Problem description » Transcribe nothing but the lines from the one with "Gorgeous Green Lehenga Choli Completely New" to the end of the entries, both included, keeping each exact and leaving every picture out.

Records for processing »
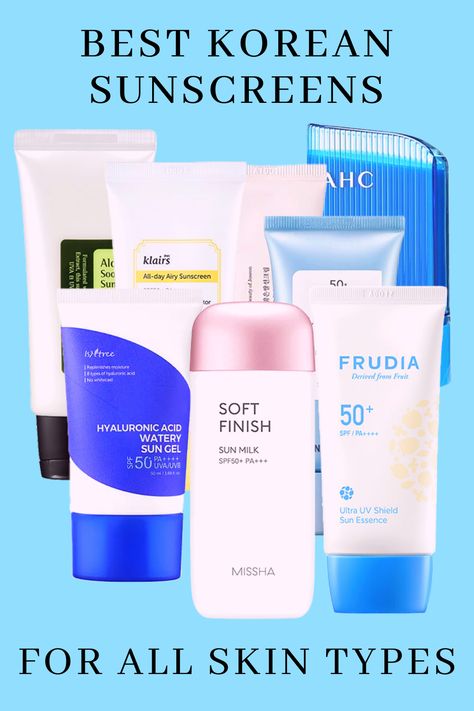 In this article, I talk about the best Korean sunscreens for all skin types. Whether you have sensitive, dry, or oily skin, here you will find a Korean sunscreen that will work for you. Here I also provided some very affordable options, that will fit everyone's budget. Check out the best Korean sunscreens. Best Korean Sunscreen, Sunscreen For Oily Skin, Sunscreen For Sensitive Skin, Korean Sunscreen, Gel Sunscreen, Sun Damaged Skin, Best Sunscreens, Acne Spots, Gentle Exfoliator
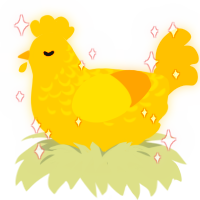 A orange and ochre chicken with a half-lace pattern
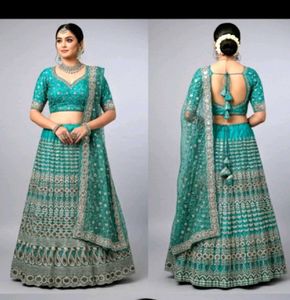 Gorgeous Green Lehenga Choli Completely New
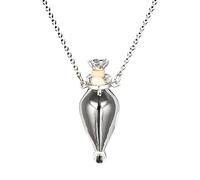 SELVFZ Transparent Heart Vial Bottle Necklaces for Steel Chain Make A for Wish Blood Vial Necklace Women Jewel Essential Oil Necklaces for Women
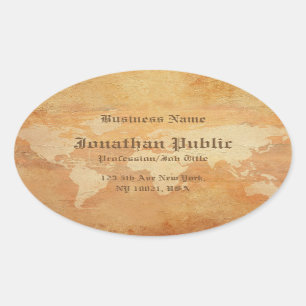 Adesivo Oval Livro Antigo parece um mapa mundial do profissiona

Written reply »
 Gorgeous Green Lehenga Choli Completely New
 SELVFZ Transparent Heart Vial Bottle Necklaces for Steel Chain Make A for Wish Blood Vial Necklace Women Jewel Essential Oil Necklaces for Women
 Adesivo Oval Livro Antigo parece um mapa mundial do profissiona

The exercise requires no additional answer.